You’re not alone in being clueless about this. So was I. After all, this is a subject that gets about as much attention as 17-year-cicadas in a off year. What generally passes for energy coverage in the U.S. these days is the relentless cycle of gas-prices-up, gas-prices-down stories and the occasional foray into the natural-gas-fracking-is-a-blessing-or-is-it-a-curse? debate.
Okay, so wind power had a very good year in 2012. But that doesn’t mean that it’s gone mainstream. Hardly. It accounts for only 4 percent of the energy produced in the U.S. Plus, a big reason for the spike last year was that companies scrambled to finish projects before a federal tax credit expired at the end of December. (It was renewed as part of the end of the year tax deal, but only for one more year.)
Truth is, wind power still has some familiar challenges, such as the wind’s refusal to blow 24/7 and the not insubstantial death toll inflicted on bird and bat populations by twirling turbine blades–estimated to be hundreds of thousands killed a year. (Although that pales in comparison to the hundreds of millions that die from flying into buildings.)
And it has some new ones–”wind turbine syndrome,” for instance. That’s the name that’s been given to the ill effects that some people who live near wind farms have complained about–headaches, dizziness, ear pain, difficulty sleeping. NPR ran a story on it just the other day.
But many scientists and public health experts think the ailment is more psychosomatic than physiological. In fact, a recent study in Australia found that the syndrome was much more prevalent in communities where anti-wind farm groups spread warnings about negative health effects. In short, the research concluded, people were more likely to feel sick if they were told turbines could make them sick.
Lose the spin
That said, the industry could probably use a different approach to capturing the wind, something that didn’t involve huge spinning blades. Which explains why there’s so much interest in an innovation developed at the Delft University of Technology in the Netherlands. It’s a wind turbine that not only has no blades, it has no moving parts, meaning little wear and tear.
It works like this. Instead of generating electrical energy from the mechanical energy of the rotating blades, this device, called a Ewicon (short for Electostatic Wind Energy Converter) skips the whole mechanical energy part.
It comprises a steel frame holding horizontal rows of insulated tubes, each of which has several electrodes and nozzles.
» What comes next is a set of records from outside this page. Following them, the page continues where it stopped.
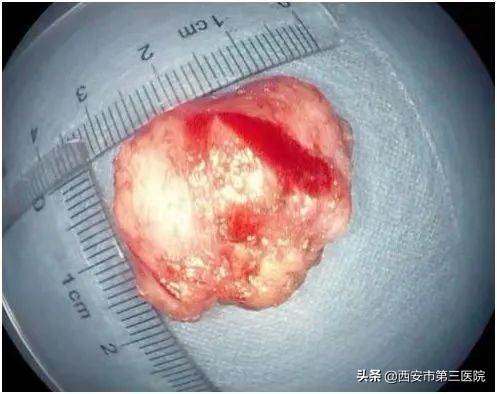 微创时代|内镜下微创直肠肿瘤切除，为您保“肛”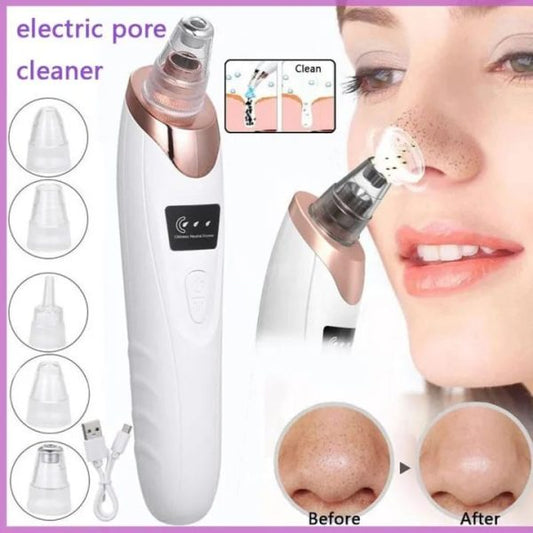 Blackhead Remover | Face Acne Black Dot Pimple Electric Blackhead Vacuum Cleaner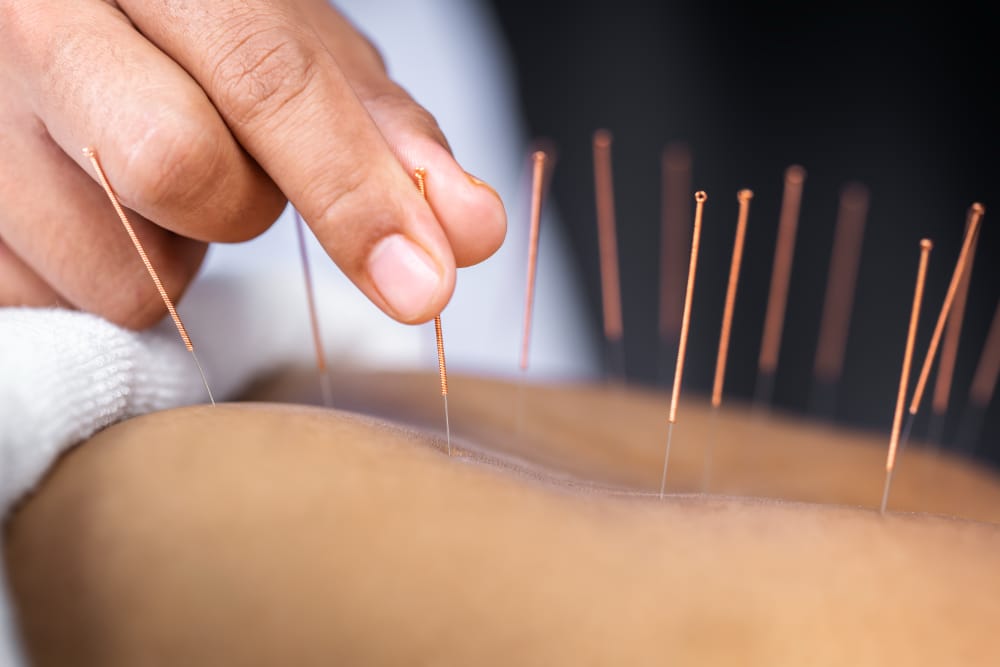 UCO Acupuncture Clinic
The nozzles release positively charged water droplets and they are drawn to the negatively-charged electrodes. But when the wind blows, it creates resistance and that generates energy.
Only a few prototypes have been built so far, but the inventors, Johan Smit and Dhiradi Djairam, think that if their design takes off, it could be a boon to wind power in cities, where massive turbines aren’t an option.
Still another approach is what is known as Windstalk. Again no blades, but in this case, energy is generated by a small forest of more than a thousand narrow, 180-foot-tall poles packed tightly together. Within each hollow, carbon fiber pole, which narrows from base to tip, is a stack of small ceramic disks and between the disks are electrodes.
These discs and electrodes are connected to a cable which runs up the pole. When wind causes the ‘stalks’ to sway, the discs compress, generating a current.
The windstalks have been proposed as one of the sources of energy in Masdar City, the world’s first carbon-neutral and car-free city, being built near Abu Dhabi in the United Arab Emirates.
Catching the breeze
Here are five other recent wind power stories. Chances are you haven’t heard them either.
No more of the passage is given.